Share your dilemmas and get honest opinions from other Mumsnetters.

To charge my partner rent?

73 replies

roomfulloflove · 04/06/2021 23:25

My partner and I would like to live together. I've found a house in a location suitable to both of us. From my divorce I'm able to buy the house by myself, and my brain (rather than my heart) knows that's the sensible thing to do.

We've talked about him living with me there and he said he'd pay rent.

It certainly seems the right thing to do, but I feel really uncomfortable about it, like it will change the whole dynamic between us.

Is anyone in a similar situation where they've done something similar?

OP posts:
Misty84 · 05/06/2021 07:28

I bought my flat, my partner moved in. I let him know how much mortgage and bills are and divided by two (he now actually pays 2/3 but that’s because he earns significantly more than me, as you earn the same you can split equally).
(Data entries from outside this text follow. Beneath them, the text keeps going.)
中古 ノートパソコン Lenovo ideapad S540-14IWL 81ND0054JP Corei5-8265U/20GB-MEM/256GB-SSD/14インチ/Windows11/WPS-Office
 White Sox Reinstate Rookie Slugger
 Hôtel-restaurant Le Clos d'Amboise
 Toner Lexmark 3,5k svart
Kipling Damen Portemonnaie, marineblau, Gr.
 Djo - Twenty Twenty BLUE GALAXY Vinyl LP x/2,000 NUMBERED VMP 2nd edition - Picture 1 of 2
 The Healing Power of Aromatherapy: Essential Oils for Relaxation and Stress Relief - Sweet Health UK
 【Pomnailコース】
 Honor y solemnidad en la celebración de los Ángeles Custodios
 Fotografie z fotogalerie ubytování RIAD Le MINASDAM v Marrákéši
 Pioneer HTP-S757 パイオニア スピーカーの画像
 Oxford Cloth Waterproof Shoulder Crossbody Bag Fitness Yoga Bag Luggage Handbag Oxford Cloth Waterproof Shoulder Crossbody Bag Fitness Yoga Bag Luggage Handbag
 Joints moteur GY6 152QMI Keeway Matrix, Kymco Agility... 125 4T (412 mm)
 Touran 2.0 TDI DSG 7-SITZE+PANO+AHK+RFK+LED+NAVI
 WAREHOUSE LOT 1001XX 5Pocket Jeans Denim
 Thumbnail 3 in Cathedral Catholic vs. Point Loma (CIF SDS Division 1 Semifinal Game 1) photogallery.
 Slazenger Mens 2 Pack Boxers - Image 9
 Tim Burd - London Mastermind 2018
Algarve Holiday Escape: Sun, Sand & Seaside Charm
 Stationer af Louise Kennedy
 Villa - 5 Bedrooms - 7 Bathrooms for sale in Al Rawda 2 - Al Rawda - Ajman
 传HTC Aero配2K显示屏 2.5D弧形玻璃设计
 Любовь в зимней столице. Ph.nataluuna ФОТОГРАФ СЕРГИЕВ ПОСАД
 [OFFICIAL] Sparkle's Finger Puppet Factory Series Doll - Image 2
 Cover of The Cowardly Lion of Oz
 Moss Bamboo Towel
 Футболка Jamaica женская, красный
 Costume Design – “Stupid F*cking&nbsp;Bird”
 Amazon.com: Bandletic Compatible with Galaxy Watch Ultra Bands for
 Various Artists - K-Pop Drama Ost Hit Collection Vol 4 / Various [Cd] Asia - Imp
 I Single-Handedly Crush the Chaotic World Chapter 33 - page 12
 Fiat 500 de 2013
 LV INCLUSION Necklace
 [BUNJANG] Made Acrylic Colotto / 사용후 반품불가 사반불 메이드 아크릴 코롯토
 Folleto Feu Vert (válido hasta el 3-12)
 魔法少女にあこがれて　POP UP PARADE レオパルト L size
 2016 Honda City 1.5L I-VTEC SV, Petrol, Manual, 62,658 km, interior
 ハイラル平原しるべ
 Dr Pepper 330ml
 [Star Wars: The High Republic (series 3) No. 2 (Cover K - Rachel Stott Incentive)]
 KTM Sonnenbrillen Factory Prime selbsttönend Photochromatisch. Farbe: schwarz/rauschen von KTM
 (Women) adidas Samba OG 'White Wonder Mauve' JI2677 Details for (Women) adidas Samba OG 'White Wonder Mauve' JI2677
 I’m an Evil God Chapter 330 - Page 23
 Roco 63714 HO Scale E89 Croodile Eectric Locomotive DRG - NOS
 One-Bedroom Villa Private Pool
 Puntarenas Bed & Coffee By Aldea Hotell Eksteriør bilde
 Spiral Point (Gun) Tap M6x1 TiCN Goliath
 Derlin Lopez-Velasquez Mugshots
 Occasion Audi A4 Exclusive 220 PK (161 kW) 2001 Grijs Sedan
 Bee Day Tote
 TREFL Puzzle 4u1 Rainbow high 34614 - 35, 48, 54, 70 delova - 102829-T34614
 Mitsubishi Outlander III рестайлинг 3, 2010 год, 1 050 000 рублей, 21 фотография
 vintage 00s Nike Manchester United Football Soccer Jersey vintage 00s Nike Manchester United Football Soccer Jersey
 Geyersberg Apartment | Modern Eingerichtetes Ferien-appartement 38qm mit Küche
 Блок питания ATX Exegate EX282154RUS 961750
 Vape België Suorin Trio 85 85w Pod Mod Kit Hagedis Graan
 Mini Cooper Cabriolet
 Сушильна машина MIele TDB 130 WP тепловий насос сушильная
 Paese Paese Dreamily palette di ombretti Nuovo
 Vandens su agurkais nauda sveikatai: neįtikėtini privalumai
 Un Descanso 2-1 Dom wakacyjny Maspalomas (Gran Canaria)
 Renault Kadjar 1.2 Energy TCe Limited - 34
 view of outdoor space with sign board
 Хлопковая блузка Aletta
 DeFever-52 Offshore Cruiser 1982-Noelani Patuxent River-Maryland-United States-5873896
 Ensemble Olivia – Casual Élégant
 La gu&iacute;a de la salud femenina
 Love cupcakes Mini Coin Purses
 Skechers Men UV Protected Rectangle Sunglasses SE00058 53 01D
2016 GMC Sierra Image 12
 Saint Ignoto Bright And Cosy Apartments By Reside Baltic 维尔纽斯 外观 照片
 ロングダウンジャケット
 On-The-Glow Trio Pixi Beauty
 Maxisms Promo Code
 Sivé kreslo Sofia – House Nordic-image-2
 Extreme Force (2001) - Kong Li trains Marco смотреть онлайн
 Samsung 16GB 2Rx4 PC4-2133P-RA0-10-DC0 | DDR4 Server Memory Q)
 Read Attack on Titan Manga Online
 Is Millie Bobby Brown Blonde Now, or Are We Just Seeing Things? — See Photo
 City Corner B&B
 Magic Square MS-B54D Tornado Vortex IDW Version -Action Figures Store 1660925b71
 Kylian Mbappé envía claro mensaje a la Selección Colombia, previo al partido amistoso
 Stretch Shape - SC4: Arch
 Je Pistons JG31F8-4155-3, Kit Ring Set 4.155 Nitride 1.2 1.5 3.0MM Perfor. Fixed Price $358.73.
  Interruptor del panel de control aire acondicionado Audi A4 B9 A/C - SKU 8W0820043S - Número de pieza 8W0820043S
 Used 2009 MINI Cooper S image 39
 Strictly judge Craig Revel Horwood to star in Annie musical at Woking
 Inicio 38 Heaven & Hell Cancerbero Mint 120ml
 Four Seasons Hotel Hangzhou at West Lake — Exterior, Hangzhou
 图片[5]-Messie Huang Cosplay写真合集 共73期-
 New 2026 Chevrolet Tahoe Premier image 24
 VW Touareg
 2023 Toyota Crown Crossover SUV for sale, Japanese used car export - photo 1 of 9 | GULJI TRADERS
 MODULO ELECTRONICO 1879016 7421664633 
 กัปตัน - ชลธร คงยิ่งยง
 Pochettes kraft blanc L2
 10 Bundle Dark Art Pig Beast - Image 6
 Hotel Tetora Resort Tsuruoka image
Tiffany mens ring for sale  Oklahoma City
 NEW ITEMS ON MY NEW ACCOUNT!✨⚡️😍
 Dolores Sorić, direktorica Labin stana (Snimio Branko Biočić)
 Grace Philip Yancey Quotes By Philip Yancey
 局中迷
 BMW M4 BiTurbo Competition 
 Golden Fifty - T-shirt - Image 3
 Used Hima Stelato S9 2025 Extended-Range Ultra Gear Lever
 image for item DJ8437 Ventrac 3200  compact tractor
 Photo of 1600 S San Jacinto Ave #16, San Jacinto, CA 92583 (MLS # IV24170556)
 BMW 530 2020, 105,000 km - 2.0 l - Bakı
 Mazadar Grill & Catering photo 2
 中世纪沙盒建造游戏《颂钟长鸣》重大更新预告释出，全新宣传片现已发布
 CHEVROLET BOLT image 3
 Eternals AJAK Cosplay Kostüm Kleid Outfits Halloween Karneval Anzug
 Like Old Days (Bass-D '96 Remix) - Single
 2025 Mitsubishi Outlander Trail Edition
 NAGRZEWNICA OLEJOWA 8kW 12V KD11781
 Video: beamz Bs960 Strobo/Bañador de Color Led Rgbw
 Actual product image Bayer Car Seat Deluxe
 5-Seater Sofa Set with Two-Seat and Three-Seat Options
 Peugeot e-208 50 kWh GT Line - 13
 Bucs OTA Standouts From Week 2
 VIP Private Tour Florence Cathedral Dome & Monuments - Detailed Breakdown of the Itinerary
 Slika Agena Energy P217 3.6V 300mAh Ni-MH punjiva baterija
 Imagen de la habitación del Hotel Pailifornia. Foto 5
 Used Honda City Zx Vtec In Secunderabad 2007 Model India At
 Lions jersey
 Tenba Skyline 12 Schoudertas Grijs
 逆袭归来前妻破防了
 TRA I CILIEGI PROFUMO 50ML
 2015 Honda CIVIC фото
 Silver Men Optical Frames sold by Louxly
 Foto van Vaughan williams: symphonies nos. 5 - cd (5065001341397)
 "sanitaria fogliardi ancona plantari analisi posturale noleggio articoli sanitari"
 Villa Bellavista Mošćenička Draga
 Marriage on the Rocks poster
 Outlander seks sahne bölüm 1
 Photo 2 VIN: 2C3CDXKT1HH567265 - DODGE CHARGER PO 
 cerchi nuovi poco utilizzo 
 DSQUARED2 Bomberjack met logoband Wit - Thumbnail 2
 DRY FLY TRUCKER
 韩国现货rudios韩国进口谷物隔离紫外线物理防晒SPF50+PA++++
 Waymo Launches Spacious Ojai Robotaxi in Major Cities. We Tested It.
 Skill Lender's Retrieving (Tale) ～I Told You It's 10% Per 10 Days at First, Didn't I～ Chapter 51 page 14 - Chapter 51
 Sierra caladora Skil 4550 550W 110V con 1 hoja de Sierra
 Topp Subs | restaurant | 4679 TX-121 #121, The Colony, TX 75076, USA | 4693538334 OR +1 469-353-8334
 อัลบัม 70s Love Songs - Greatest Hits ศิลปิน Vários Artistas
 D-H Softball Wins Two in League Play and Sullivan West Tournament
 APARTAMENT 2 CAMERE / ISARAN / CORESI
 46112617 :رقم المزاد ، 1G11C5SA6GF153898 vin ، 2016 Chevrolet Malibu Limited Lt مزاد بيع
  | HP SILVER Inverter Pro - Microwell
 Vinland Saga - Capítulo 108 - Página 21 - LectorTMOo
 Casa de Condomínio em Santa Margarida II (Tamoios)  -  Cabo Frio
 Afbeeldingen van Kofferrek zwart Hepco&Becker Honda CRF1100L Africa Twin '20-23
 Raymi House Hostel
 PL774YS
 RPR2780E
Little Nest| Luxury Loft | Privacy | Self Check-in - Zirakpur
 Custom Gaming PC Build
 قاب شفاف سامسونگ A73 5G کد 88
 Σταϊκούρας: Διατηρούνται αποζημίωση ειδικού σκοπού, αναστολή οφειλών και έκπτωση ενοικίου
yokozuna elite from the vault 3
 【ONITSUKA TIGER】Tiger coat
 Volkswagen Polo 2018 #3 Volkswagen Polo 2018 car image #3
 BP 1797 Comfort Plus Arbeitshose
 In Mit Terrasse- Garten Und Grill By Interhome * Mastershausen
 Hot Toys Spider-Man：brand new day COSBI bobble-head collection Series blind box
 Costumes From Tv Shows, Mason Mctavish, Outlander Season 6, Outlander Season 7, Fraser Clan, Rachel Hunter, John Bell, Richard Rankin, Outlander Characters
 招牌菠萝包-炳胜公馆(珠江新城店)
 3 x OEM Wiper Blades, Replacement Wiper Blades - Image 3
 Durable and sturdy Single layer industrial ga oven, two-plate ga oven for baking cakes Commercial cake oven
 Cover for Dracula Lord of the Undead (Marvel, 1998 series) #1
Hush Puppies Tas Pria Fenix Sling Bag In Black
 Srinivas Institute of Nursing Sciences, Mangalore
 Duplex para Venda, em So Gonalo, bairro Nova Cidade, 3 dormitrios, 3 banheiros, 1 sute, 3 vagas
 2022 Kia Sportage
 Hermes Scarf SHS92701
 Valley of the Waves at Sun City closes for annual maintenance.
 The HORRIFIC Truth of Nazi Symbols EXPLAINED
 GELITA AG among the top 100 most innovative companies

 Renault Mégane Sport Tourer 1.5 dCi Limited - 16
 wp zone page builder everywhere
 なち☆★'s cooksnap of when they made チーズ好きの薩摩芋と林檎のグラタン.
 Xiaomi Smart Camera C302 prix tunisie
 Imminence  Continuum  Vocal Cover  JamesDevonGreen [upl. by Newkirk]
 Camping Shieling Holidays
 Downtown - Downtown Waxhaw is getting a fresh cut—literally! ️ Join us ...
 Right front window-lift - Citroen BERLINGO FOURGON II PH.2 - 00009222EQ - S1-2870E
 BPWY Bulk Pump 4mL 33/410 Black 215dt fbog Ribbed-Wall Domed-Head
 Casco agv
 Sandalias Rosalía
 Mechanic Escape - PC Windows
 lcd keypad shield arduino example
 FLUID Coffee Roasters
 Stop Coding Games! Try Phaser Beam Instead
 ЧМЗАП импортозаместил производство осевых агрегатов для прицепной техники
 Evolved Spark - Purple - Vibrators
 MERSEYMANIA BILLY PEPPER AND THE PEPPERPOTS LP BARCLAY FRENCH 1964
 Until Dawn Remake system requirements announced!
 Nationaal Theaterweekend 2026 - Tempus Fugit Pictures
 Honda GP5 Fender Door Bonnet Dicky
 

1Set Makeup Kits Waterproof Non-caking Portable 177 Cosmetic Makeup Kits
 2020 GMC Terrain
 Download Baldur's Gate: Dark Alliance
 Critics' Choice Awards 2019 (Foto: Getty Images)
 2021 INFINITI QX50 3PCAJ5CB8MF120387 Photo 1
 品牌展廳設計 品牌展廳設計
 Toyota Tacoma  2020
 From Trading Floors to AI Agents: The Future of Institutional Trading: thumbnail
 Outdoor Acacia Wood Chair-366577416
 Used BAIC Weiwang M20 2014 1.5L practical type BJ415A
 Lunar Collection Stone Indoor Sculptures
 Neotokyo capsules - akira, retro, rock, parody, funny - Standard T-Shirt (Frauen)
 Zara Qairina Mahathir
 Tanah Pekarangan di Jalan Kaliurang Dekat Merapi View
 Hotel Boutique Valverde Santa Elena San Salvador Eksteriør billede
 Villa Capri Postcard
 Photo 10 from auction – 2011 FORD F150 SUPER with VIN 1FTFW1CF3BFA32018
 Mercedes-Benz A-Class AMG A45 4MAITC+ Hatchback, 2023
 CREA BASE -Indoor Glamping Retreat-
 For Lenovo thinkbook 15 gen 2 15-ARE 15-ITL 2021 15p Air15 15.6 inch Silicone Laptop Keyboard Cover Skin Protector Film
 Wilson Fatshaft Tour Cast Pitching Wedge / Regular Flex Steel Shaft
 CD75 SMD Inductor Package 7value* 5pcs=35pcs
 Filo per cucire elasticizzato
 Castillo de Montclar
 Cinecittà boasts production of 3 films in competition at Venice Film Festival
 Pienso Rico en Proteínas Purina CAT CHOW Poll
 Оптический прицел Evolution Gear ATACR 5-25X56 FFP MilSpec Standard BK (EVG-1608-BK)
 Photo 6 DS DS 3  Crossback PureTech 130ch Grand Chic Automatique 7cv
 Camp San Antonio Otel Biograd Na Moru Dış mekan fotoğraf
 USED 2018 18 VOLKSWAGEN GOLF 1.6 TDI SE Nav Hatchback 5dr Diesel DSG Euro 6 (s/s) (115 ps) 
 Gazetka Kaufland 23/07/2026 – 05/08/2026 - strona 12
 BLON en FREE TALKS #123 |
Yes it’s a bit awkward and unromantic to let them know the amount (I showed the breakdown on a piece of paper so it was nice and clear!) but once it’s done that’s it. Isn’t mentioned again! There’s absolutely no way I’d let someone live with me rent-free!!

SimonJT · 05/06/2021 07:58

Mine paid his portion of the utilities and council tax until we got married, there was no way I was risking someone paying rent and gaining a financial interest in my home if we weren’t married. So he paid 1/2 of council tax and 1/3 of everything else. You also have to consider that they have no security, so they could become homeless with a seconds notice, where as a tenant or lodge would have security enabling them to find suitable housing if the relationship ends.

BlueDucky · 05/06/2021 08:07

@ScaredOfDinosaurs

If he pays rent to a landlord who lives in the property, that makes him a lodger only which means OP could boot him out very easily if she ever wished to do so.
Ah good. I'd personally ask for less than the market rent as he should benefit financially from sharing with you too.
roomfulloflove · 05/06/2021 08:13

We've been together 2 years. Originally we were talking about me buying somewhere and him renting nearby. But at this stage I would much rather live with him.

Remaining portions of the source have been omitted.